Extracted the value from the row object and then applied the case class to convert rdd to DF

val temp1 = attrib1.map{case Row ( key: Int ) => s"$key" }
val temp2 = attrib2.map{case Row ( key: Int) => s"$key" }

case class RLT (id: String, attrib_1 : String, attrib_2 : String)
import hiveContext.implicits._

val df = result.map{ s => RLT(s(0),s(1),s(2)) }.toDF

Answer 7

Here is a simple example of converting your List into Spark RDD and then converting that Spark RDD into Dataframe.

Please note that I have used Spark-shell's scala REPL to execute following code, Here sc is an instance of SparkContext which is implicitly available in Spark-shell. Hope it answer your question.

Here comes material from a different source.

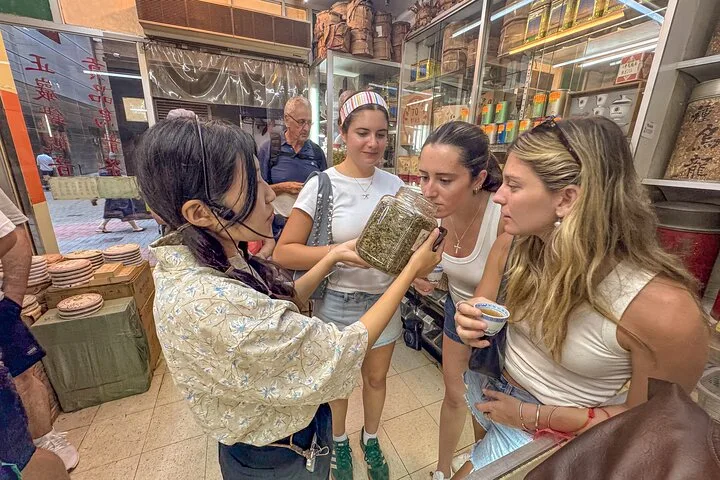Hong Kong Street Food Tour with Locals - Dim Sum, Wonton & more · 4/4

scala> val numList = List(1,2,3,4,5)
numList: List[Int] = List(1, 2, 3, 4, 5)

scala> val numRDD = sc.parallelize(numList)
numRDD: org.apache.spark.rdd.RDD[Int] = ParallelCollectionRDD[80] at parallelize at <console>:28

scala> val numDF = numRDD.toDF
numDF: org.apache.spark.sql.DataFrame = [_1: int]

scala> numDF.show
+---+
| _1|
+---+
|  1|
|  2|
|  3|
|  4|
|  5|
+---+

Answer 8

On newer versions of spark (2.0+)

import org.apache.spark.sql.SparkSession
import org.apache.spark.sql.functions._
import org.apache.spark.sql._
import org.apache.spark.sql.types._

val spark = SparkSession
  .builder()
  .getOrCreate()
import spark.implicits._

val dfSchema = Seq("col1", "col2", "col3")
rdd.toDF(dfSchema: _*)

Answer 9

One needs to create a schema, and attach it to the Rdd.

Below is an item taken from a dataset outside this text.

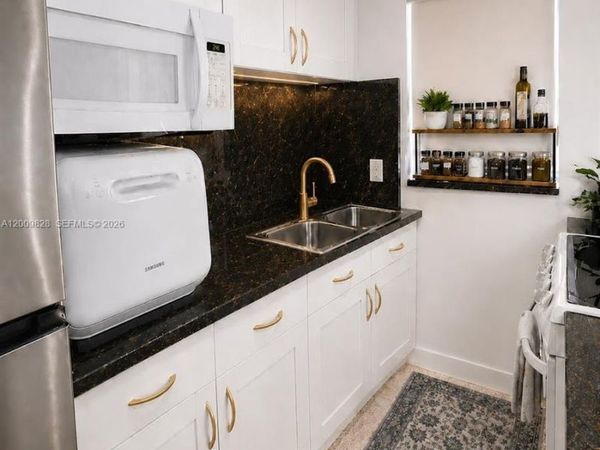 40 Salamanca Ave , Unit 8, Coral Gables, FL 33134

Assuming val spark is a product of a SparkSession.builder...

    import org.apache.spark._
    import org.apache.spark.sql._       
    import org.apache.spark.sql.types._

    /* Lets gin up some sample data:
     * As RDD's and dataframes can have columns of differing types, lets make our
     * sample data a three wide, two tall, rectangle of mixed types.
     * A column of Strings, a column of Longs, and a column of Doubules 
     */
    val arrayOfArrayOfAnys = Array.ofDim[Any](2,3)
    arrayOfArrayOfAnys(0)(0)="aString"
    arrayOfArrayOfAnys(0)(1)=0L
    arrayOfArrayOfAnys(0)(2)=3.14159
    arrayOfArrayOfAnys(1)(0)="bString"
    arrayOfArrayOfAnys(1)(1)=9876543210L
    arrayOfArrayOfAnys(1)(2)=2.71828

    /* The way to convert an anything which looks rectangular, 
     * (Array[Array[String]] or Array[Array[Any]] or Array[Row], ... ) into an RDD is to 
     * throw it into sparkContext.parallelize.
     * http://spark.apache.org/docs/latest/api/scala/index.html#org.apache.spark.SparkContext shows
     * the parallelize definition as 
     *     def parallelize[T](seq: Seq[T], numSlices: Int = defaultParallelism)
     * so in our case our ArrayOfArrayOfAnys is treated as a sequence of ArraysOfAnys.
     * Will leave the numSlices as the defaultParallelism, as I have no particular cause to change it. 
     */
    val rddOfArrayOfArrayOfAnys=spark.sparkContext.parallelize(arrayOfArrayOfAnys)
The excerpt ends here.